Task instructions
Copy the closing run of lines, from the one with "New🤍 White Cloud Sectional Couch" through the last line of the listing, exactly and without any pictures.

Top of Source data

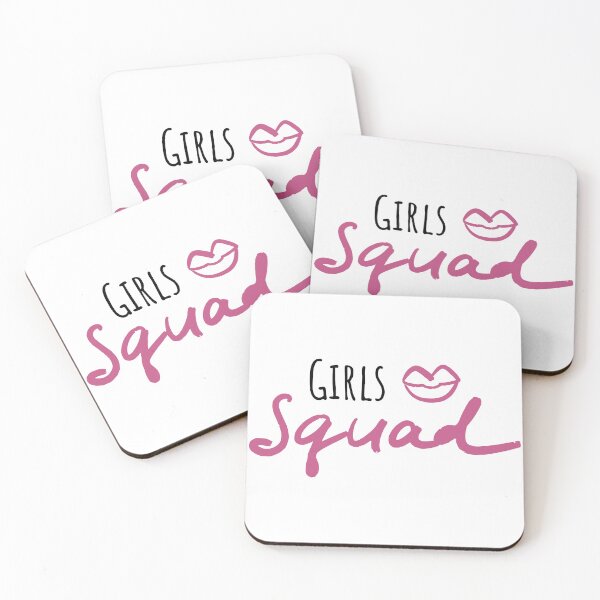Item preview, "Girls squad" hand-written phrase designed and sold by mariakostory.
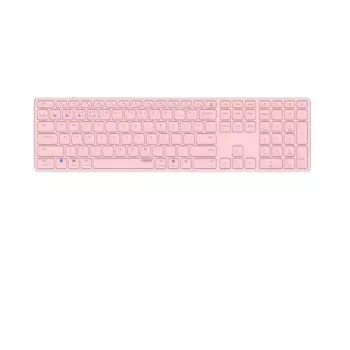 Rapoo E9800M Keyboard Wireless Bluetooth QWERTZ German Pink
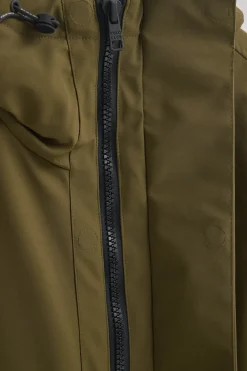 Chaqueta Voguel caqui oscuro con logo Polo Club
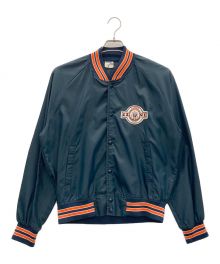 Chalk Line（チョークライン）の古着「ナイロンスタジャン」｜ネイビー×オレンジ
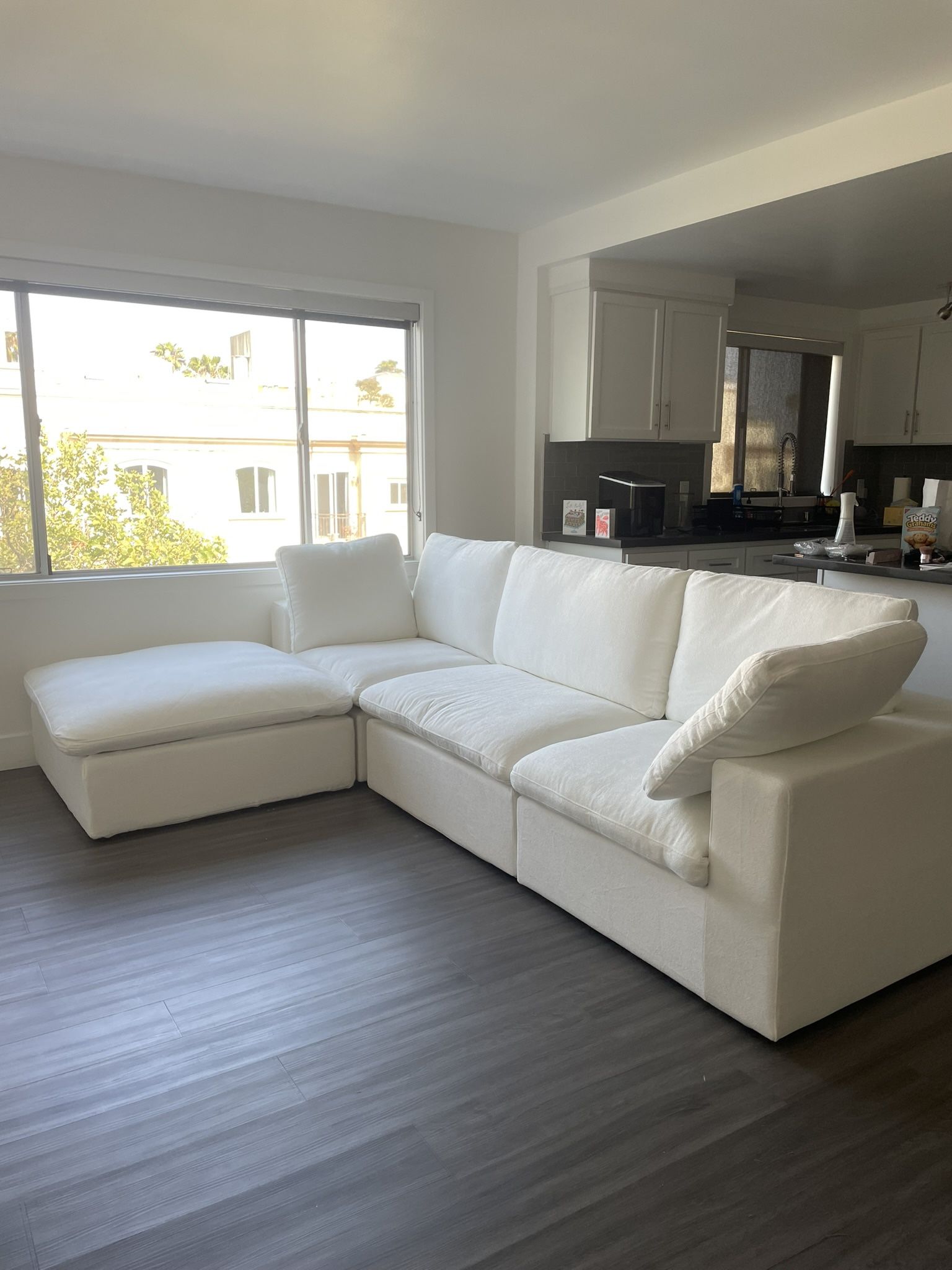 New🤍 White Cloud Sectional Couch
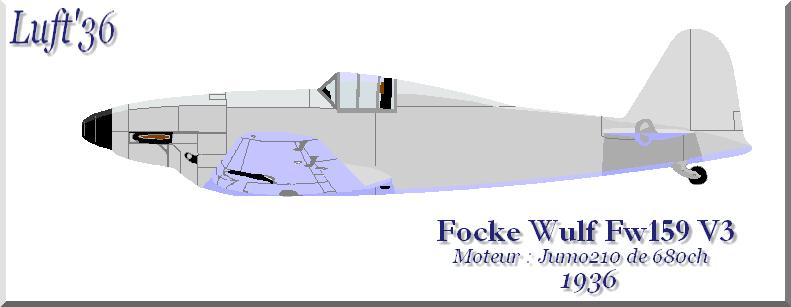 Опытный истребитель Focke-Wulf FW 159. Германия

Bottom of Source data

Exercise answer
 New🤍 White Cloud Sectional Couch
 Опытный истребитель Focke-Wulf FW 159. Германия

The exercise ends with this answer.